Data Manager#

class DataManager(root, seed, save_dir=None)[source]#

DataManager base class. Any other Data Manager is inherited from this class. There are four abstract class methods that child classes should implement: get_identifiers, make_datasets, make_transforms, partition_local_data.

Warning

when inheritted, super should be called at the end of the constructor because the abstract classes are called in super's constructor!

Parameters

root (str) -- root dir of the dataset to partition
seed (int) -- random seed of partitioning
save_dir (str, optional) -- path to save partitioned indices.

get_global_dataset() → Dict[str, torch.utils.data.dataset.Dataset][source]#

returns the global dataset

Returns: Dict[str, Dataset] -- global dataset for each split

get_global_splits_names()[source]#

returns name of the global splits (train, test, etc.)

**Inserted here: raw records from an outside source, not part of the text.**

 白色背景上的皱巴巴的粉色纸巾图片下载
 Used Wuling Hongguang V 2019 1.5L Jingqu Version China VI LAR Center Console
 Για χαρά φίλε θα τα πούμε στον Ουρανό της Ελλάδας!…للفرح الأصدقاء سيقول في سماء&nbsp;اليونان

Returns: List[str] -- list of global split names

get_group_dataset(ids: Iterable[int]) → Dict[str, torch.utils.data.dataset.Dataset][source]#

returns the local dataset corresponding to a group of given partition ids

Parameters: ids (Iterable[int]) -- a list or tuple of partition ids
Returns: Dict[str, Dataset] -- a mapping of split_name: dataset

get_identifiers() → Sequence[str][source]#

Returns identifiers to be used for saving the partition info.

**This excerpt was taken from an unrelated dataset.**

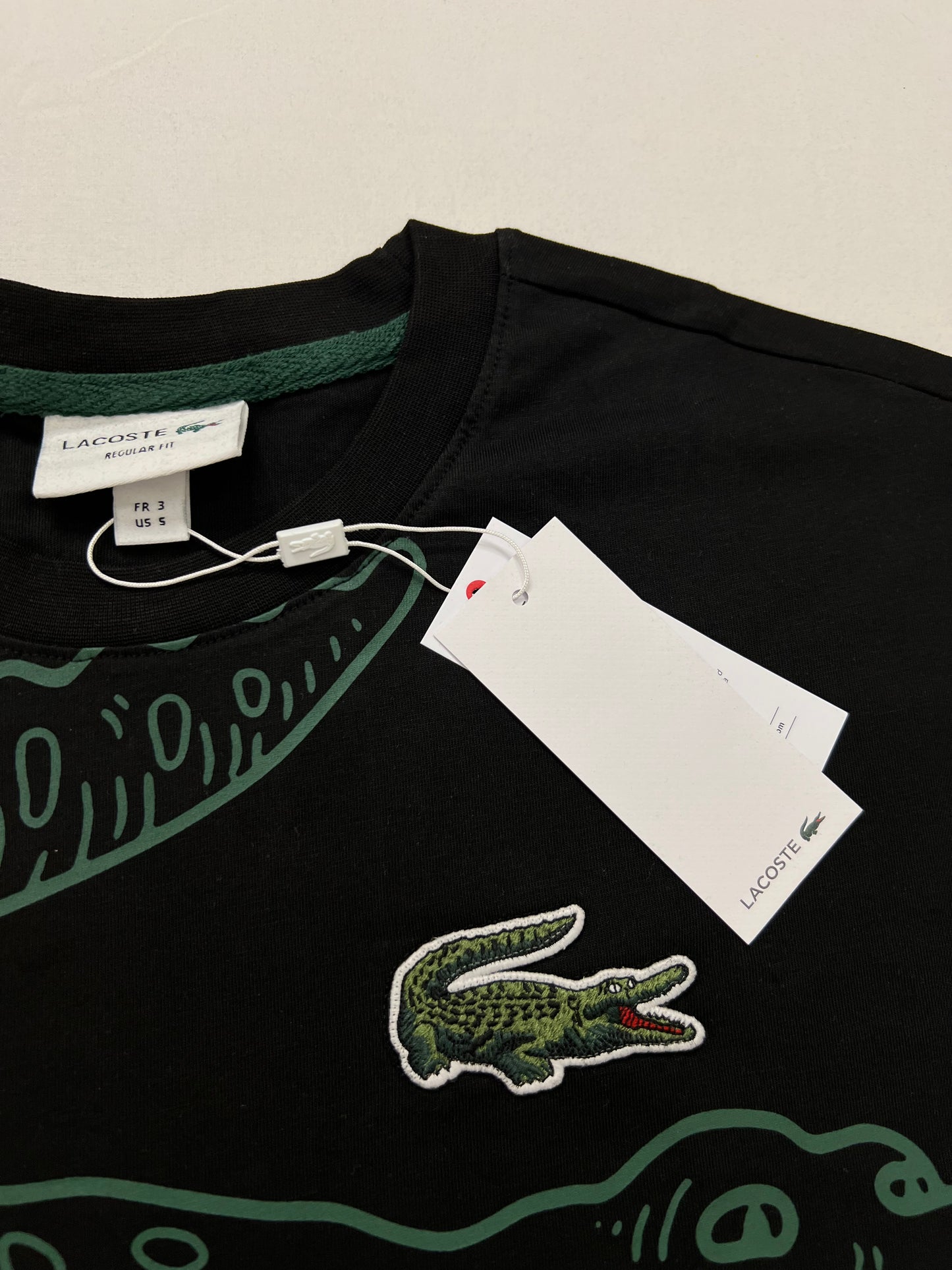 Lacoste Crna Majica sa Velikim Croc Printom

Raises: NotImplementedError -- this abstract method should be implemented by child classes
Returns: Sequence[str] -- a sequence of str identifing class instance

get_local_dataset(id: int) → Dict[str, torch.utils.data.dataset.Dataset][source]#

returns the local dataset corresponding to a given partition id

Parameters: id (int) -- partition id
Returns: Dict[str, Dataset] -- a mapping of split_name: dataset

get_local_splits_names()[source]#

returns name of the local splits (train, test, etc.)

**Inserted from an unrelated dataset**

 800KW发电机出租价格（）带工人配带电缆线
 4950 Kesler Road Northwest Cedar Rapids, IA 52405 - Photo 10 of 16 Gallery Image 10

Returns: List[str] -- list of local split names

get_oracle_dataset() → Dict[str, torch.utils.data.dataset.Dataset][source]#

returns all of the local datasets stacked up.

Returns: Dict[str, Dataset] -- Oracle dataset for each split

get_partitioning_name() → str[source]#

returns unique name of the DataManager instance. .. note:: This method can help store and retrieval of the partitioning indices, so the experiments could reproduced on a machine.

Returns: str -- a unique name for the DataManager instance.

make_datasets(root: str) → Tuple[object, object][source]#

makes and returns local and global dataset objects. The created datasets do not need a transform as recompiled datasets with separately provided transforms on the fly.

Parameters

dataset_name (str) -- name of the dataset.
root (str) -- directory to download and manipulate data.

Raises

NotImplementedError -- this abstract method should be implemented by child classes

Returns

Tuple[object, object] -- local and global dataset

make_transforms() → Tuple[object, object][source]#

make and return the dataset trasformations for local and global split.

Raises

NotImplementedError -- this abstract method should be implemented by child classes

Returns

Tuple[Dict[str, Callable], Dict[str, Callable]] --

tuple of two dictionaries,: first, the local transform mapping and second the global transform mapping.

partition_global_data(dataset: object) → Dict[str, Iterable[int]][source]#

partitions global data indices into splits (e.g., train, test, ...).

Parameters: dataset (object) -- global dataset
Returns: Dict[str, Iterable[int]] -- dictionary of {split:example indices of global dataset}.

partition_local_data(dataset: object) → Dict[str, Iterable[Iterable[int]]][source]#

partitions local data indices into client-indexed Iterable.

Parameters: dataset (object) -- local dataset
Raises: NotImplementedError -- this abstract method should be implemented by child classes
Returns: Dict[str, Iterable[Iterable[int]]] -- dictionary of {split:client-indexed iterables of example indices}.